Looking Back: How a General Authority Coped with Feelings of Inadequacy to Serve with Confidence
Contributed By Gerry Avant, Church News senior contributing editor
- Preparation and trust in the Lord can help overcome feelings of inadequacy.
- Choose to remember the good things.
- Decide to study the scriptures each day.
I met Elder H. Burke Peterson while he was serving as a counselor in the Presiding Bishopric from 1972 to 1985. After he was sustained to the First Quorum of the Seventy during the April 1985 general conference, I met with him and his wife, Brookie Cardon Peterson, for an interview.
I’ve always remembered our conversation, mainly because of how straightforward Elder Peterson was in telling me about what he called “hurdles” in his life.
During the dozen or so years I’d crossed paths with Elder Peterson, I had always seen him as a confident, self-assured Church leader.
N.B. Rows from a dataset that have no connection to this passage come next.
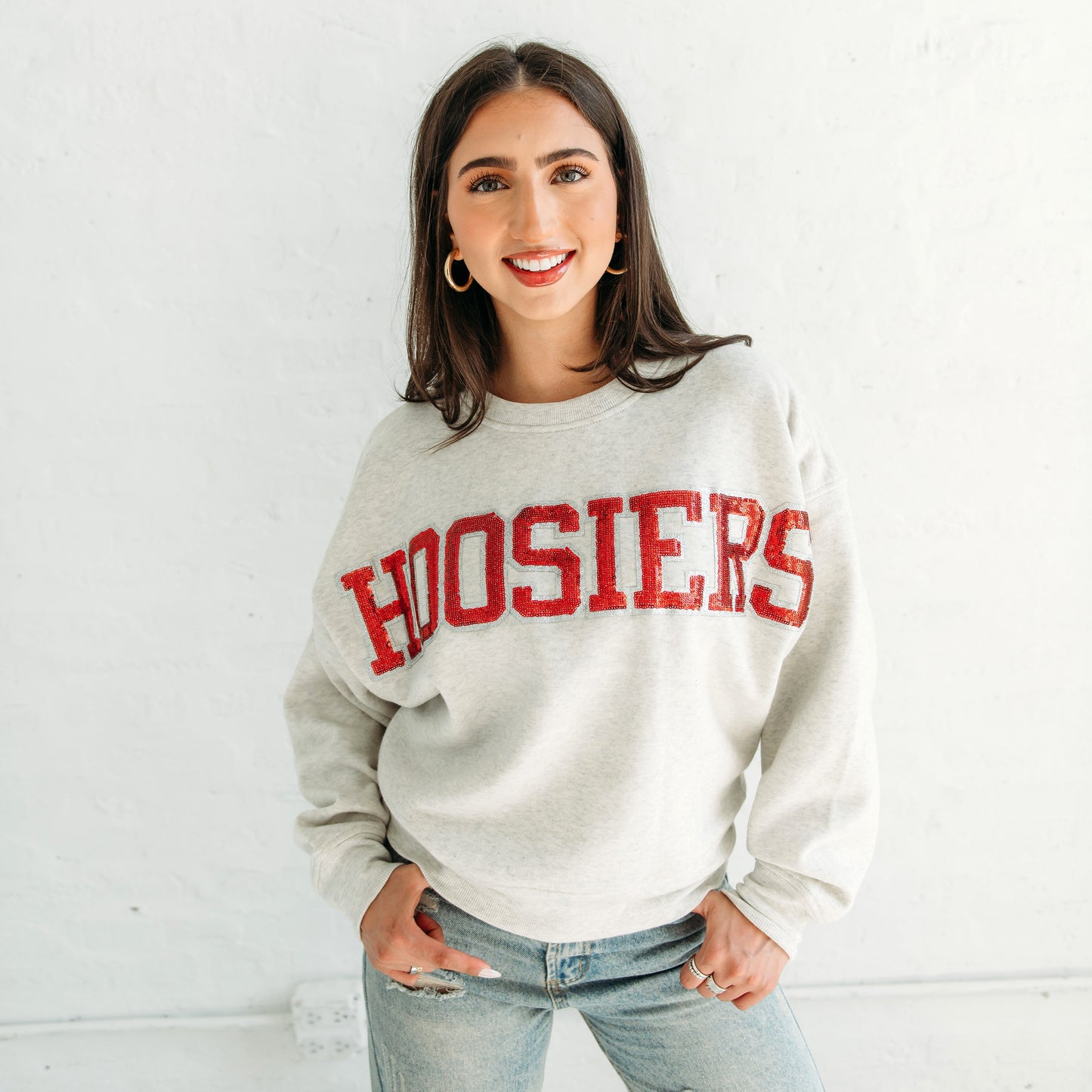 Indiana Hoosiers Slouchy Drop Shoulder Crewneck.   Indiana Gameday Apparel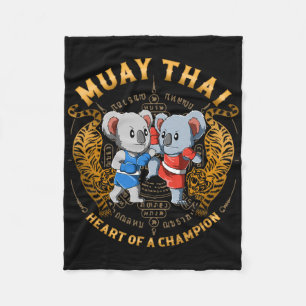 Cobertor De Velo Coração de um Campeão - Kickboxing e Muay Thai Koa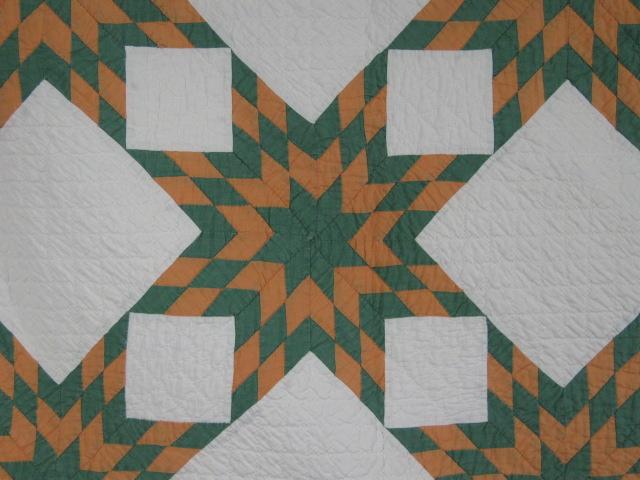 Antique Circa 1920 Hand Stitched Quilt Eight Point Touching Stars 74"X92" Twin 3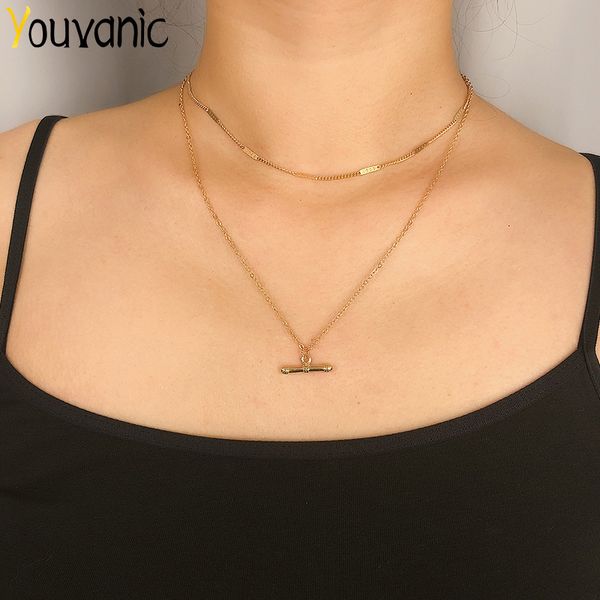 

youvanic fashion thin gold copper choker necklace collar women 2 layered geometric pendant necklace clavicle chain jewelry 2363, Golden;silver
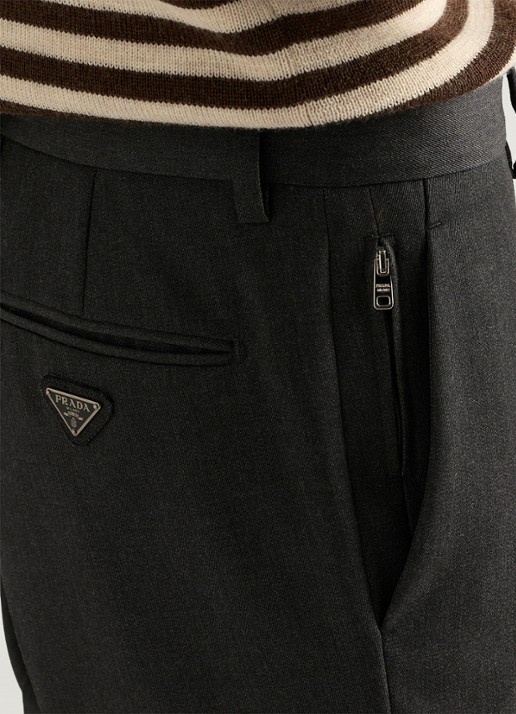 Prada Slim fit pantalon van scheerwol - detail 5 antraciet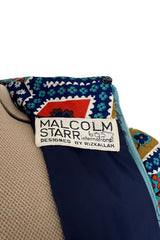 Rare Early 1970s Malcolm Starr by Youssef Rizkallah Felt Folk Art Dress w Quilted Top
I was surprised when he revealed he had a very different view of himself.
In the first few minutes of our interview, Elder Peterson said, “My hurdles today are the same ones I had as a boy—feelings of inadequacy.”
“Those feelings,” he added, “were not brought about by my parents. I was raised in a family where there was never a question that we were loved.” With palms turned upward and a shrug of his shoulders, he surmised, “These are just feelings I’ve always had and will probably never get over, so I quit worrying about them.”
While he acknowledged being “scared to death” when he spoke in general conference, or even stake conferences, he managed to appear calm. “I do an awful lot of praying and an awful lot of preparing,” he said.
His profession as an engineer led him to being very thorough and “preparing to hilt.” He said he would get overly prepared, but he developed a confidence in the Lord. “I know when I do my part I won’t fail; that if I am prepared, He will draw it out of me.”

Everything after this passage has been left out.